Fort Columbia State Park is a public recreation area and historic preserve at the site of former Fort Columbia, located on Chinook Point at the mouth of the Columbia River in Chinook, Washington. The  state park features twelve historic wood-frame fort buildings as well as an interpretive center and hiking trails. The park's grounds are located over a tunneled section of U.S. Route 101.

History
Fort Columbia was built from 1896 to 1904 to support the defense of the Columbia River. The fort was constructed on the Chinook Point promontory as part of a "triangle of fire" defensive strategy that included Fort Canby and Fort Stevens. Fort Columbia was declared surplus at the end of World War II and was transferred to the custody of the state of Washington in 1950.

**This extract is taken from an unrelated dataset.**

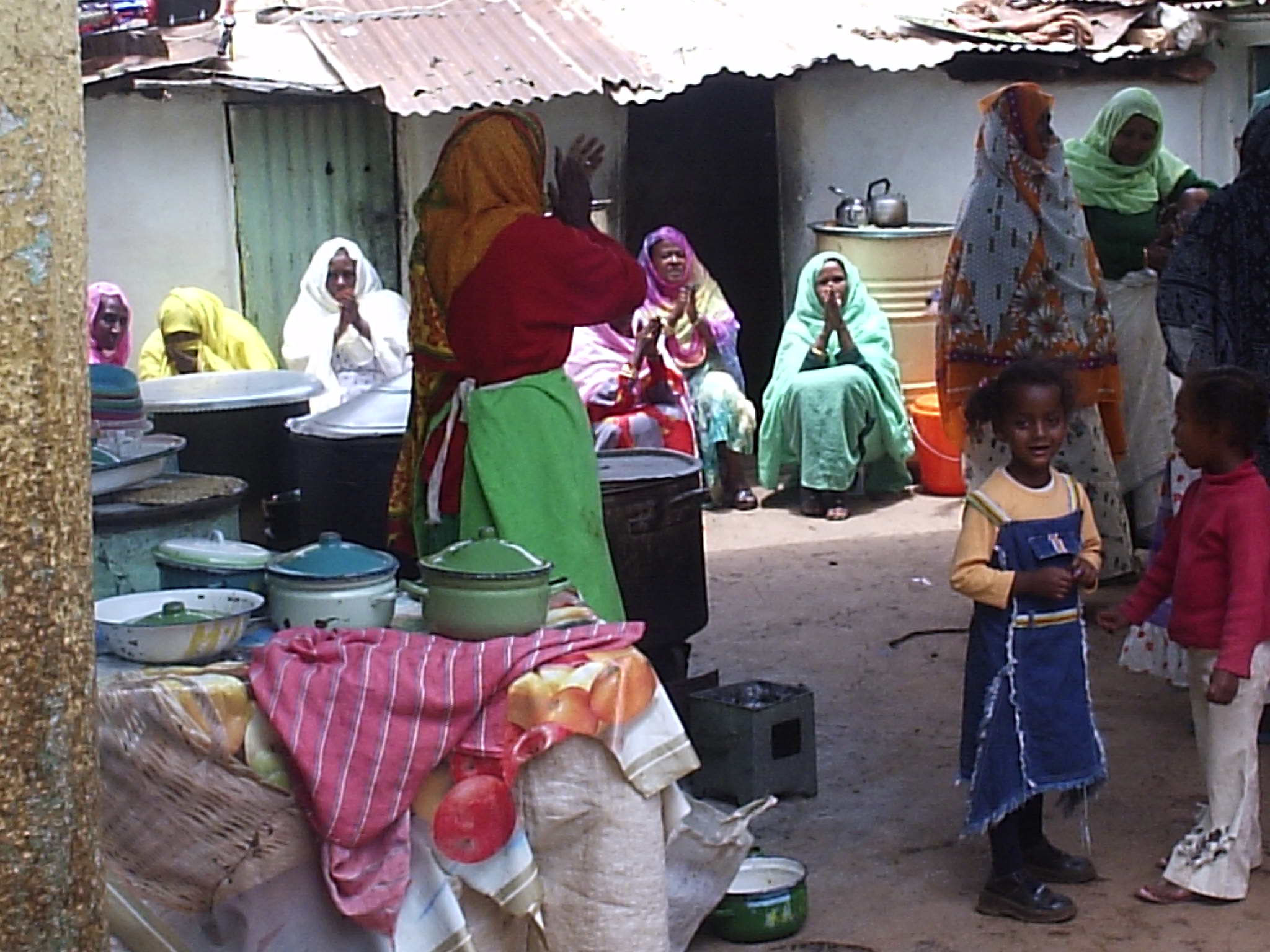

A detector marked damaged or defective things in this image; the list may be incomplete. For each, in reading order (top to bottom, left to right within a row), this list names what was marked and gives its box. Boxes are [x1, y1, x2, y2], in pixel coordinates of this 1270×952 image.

rusty metal sheet [293, 0, 660, 117]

In the 1960s and 1970s, Battery 246 was outfitted to serve as a Civil Defense Emergency Operating Center and was one of several possible locations the governor could use in an emergency. In 1993, the park received a pair of 6-inch guns that were transferred to Battery 246 from the former Fort McAndrew, Naval Station Argentia, Newfoundland, Canada.

Features

Exhibits at the Fort Columbia Interpretive Center focus on the fort's history, early explorers and pioneer history. The Commanding Officers Quarters is decorated with turn-of-the-century furnishings. The park grounds feature three artillery batteries and two coastal artillery guns. There are picnicking facilities and  of hiking trails that work their way up Scarborough Hill. Two historic homes, the Steward's House and Scarborough House, are offered for rental. The park is one of several state parks and sites in Washington and Oregon that make up the Lewis and Clark National Historical Park.

References

External links

Fort Columbia State Park Washington State Parks and Recreation Commission

State parks of Washington (state)
Parks in Pacific County, Washington
Protected areas established in 1950
Columbia River
Columbia
Museums in Pacific County, Washington
Military and war museums in Washington (state)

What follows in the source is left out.